I’ve been taking my daughter to jog at Camp Mabry lately.
She prefers that track, which is not crowded, to the mob on Lady Bird Lake trail.
We run and walk at her pace, and when we’re walking, I’ll tell her tales. How I
used to run my PT test on that trail, when it was still gravel. How we used to
go out into the woods to do our common skills training. How I spent Saturday afternoons
in the motor pool touching up the camo paint job on my deuce and a half and topping
off the water in the battery. How Bo twitched the laterals and crashed the 577
into the side of a Volkswagen in the parking lot. But I’ve never driven her
back to the building where we used to drill, or try to sneak in to see what it
looks like now. Some ghosts are best left slumbering. Everything is so
different now. The Army. The world. Me. It was such a huge part of me and there’s
nothing left but dusty fragments of memories.
Every year we have a
reunion. I’ve gone to a couple of them. I’m younger than most who attend. Some
that I remember in their arrogant and beautiful prime are dead now. Most are a
lot fatter and a lot more conservative than I remember. Did we really drink and
laugh and play cards and throw each other into the pool and then get up the
next morning and drive a convoy across Texas and set up a field SCIF in 100 degree
weather sweating until our boots were white with salt and even the musty warm
water in our canteens tasted good? Did we really hang laminated maps on the
walls of the tent and mark them with grease pencils and then encrypt our
reports with a code-book before radioing them in? Am I really that old? I look
at the faces of my former comrades at arms and feel oddly disconnected from
them and from my own past. In a lot of important ways I haven’t changed. But so
much has happened since then. Love. Loss. Careers. Parenthood. Politics.

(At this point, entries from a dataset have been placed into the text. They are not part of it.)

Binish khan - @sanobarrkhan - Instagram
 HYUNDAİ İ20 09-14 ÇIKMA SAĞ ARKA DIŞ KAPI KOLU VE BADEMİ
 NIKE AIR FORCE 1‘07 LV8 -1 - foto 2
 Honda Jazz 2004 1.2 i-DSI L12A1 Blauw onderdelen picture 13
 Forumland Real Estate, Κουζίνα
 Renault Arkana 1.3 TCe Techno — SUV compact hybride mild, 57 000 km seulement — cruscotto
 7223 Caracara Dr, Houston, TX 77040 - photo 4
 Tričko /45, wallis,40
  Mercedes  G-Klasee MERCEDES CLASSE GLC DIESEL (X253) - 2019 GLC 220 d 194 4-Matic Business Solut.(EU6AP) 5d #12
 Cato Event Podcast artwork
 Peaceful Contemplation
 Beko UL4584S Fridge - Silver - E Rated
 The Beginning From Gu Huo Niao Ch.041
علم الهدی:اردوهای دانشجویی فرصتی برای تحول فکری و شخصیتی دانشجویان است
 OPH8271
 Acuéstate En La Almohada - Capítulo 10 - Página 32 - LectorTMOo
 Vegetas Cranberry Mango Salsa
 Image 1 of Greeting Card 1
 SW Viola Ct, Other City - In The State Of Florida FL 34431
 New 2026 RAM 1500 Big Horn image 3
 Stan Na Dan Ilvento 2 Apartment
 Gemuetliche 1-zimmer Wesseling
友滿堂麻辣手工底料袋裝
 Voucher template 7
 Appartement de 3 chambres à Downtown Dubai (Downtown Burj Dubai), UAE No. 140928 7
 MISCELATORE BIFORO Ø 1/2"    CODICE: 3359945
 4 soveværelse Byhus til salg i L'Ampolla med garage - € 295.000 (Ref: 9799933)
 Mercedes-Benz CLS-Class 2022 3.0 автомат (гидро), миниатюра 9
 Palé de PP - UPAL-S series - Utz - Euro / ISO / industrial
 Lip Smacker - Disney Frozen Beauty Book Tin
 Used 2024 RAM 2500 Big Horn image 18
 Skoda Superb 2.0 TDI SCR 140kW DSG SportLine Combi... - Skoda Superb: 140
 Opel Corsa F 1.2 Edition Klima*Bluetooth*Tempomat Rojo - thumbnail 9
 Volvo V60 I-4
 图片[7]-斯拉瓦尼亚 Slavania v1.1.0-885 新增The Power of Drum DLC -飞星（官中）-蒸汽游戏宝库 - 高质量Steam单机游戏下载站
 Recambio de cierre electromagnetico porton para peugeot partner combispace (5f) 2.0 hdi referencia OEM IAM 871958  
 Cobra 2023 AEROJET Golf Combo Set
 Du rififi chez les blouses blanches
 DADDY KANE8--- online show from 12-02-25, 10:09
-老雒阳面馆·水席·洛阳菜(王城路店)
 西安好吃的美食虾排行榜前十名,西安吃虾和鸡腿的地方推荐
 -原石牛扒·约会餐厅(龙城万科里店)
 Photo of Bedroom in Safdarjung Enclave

Many of them stayed in the military until retirement. There’s
a comfortable continuity to that. Being part of a enduring community. Having a
consistent identity. Polishing the same pair of boots on Friday night, year
after year. I cut ties with my past when I joined the Army, and cut them again
when I left. I’ve reinvented myself over and over again. And I’m making plans
to do it again. It seems to be the way I’m made. I wonder if at some point, I’ll
decide, nope, this is where I stop. I’ve gone far enough. I rather doubt it.
I glance at my daughter’s flushed face as we jog and the
past falls away. She sprints ahead and I push forward, trying to keep up. Her red braid swings like a pendulum and I laugh out loud. Together we race into the cold wind.